Puisque le cardinal André Vingt-Trois invite les fidèles catholiques à écrire aux élus pour participer au débat sur l’ouverture du mariage aux couples de même sexe, nous avons le devoir de les alerter sur les véritables intentions de l’Eglise. S’il est légitime en effet qu’une institution religieuse intervienne dans cette discussion, encore faudrait-il savoir ce qu’elle demande vraiment et qui elle représente.

A en croire les évêques, il ne s’agirait que de s’opposer à une dérive démagogique concernant le seul mariage, et toute accusation d’homophobie est récusée avec indignation : il ne serait nullement question de toucher aux droits existants des homosexuels.

Mais est-ce si sûr ? Si on veut vraiment savoir ce que veulent les évêques, il ne faut pas se contenter de leurs appels aux Ecritures et à une argumentation d’ordre anthropologique sans pertinence. Déjà dénuée d’autorité dans une république laïque, la Bible ignore tout de l’amour homosexuel et ne connaît que des actes charnels qu’elle punit de mort. S’il faut s’en inspirer pour condamner l’homosexualité, châtions également quiconque “couche avec une femme qui a ses règles”, et faisons de la femme une simple “aide” pour l’homme, comme le proclame la Genèse. Il n’y a dans les Ecritures aucun modèle familial valable pour nous aujourd’hui.
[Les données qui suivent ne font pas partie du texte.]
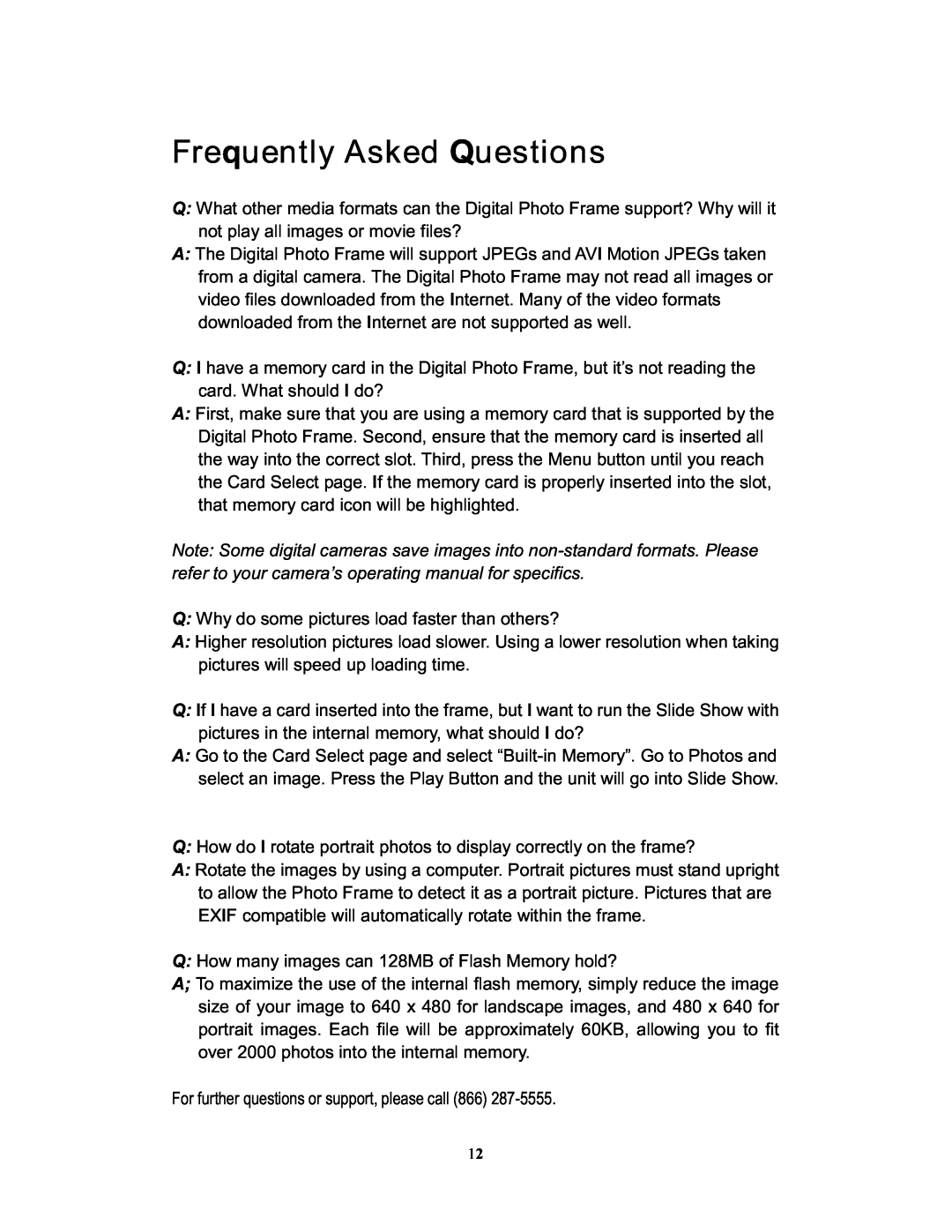 Westinghouse DPF-1021 user manual Frequently Asked Questions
Quant aux arguments anthropologiques, la famille telle que nous la connaissons n’existe que depuis deux siècles tout au plus, et l’Eglise ne l’a mise au centre de son message que depuis moins longtemps encore.
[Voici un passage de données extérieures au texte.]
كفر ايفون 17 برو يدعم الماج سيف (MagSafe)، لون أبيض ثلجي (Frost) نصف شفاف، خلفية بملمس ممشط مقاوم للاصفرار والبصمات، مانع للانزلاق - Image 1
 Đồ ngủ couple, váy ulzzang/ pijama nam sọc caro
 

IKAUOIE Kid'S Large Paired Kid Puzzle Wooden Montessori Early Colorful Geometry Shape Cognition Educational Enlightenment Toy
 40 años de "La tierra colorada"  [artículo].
Pour savoir ce que les évêques veulent vraiment, il suffit de lire ce qu’ils ont déjà écrit sur le sujet.

N’oublions pas qu’en 1999 ils avaient déclaré la guerre au projet d’union civile et suivi strictement une instruction vaticane de 1992 condamnant l’homosexualité comme “un comportement pour lequel nul ne peut revendiquer un droit quelconque” ainsi que toute “législation civile” de nature à la protéger. N’oublions pas qu’en 2003 cette condamnation a été réitérée par le Saint-Siège.

“GROUPE D’OPPRESSION”

N’oublions pas que l’instruction de 1992, toujours en vigueur, veut interdire aux homosexuels les emplois d’enseignant, d’entraîneur sportif ou de militaire. N’oublions pas qu’en 1991 le catéchisme des évêques de France a déclaré “malade” toute société “qui prétend reconnaître l’homosexualité comme une chose normale”. N’oublions pas qu’en 2005, en totale contradiction avec le précepte pastoral distinguant entre les actes et les personnes, le Vatican a refusé le sacerdoce aux homosexuels, fussent-ils vierges et chastes.

N’oublions pas qu’en 2008 ce même Vatican a été le seul Etat occidental à ne pas signer la déclaration soumise par la France à l’ONU et demandant “que les droits de l’homme s’appliquent de la même manière à chaque être humain, indépendamment de l’orientation sexuelle ou de l’identité de genre”.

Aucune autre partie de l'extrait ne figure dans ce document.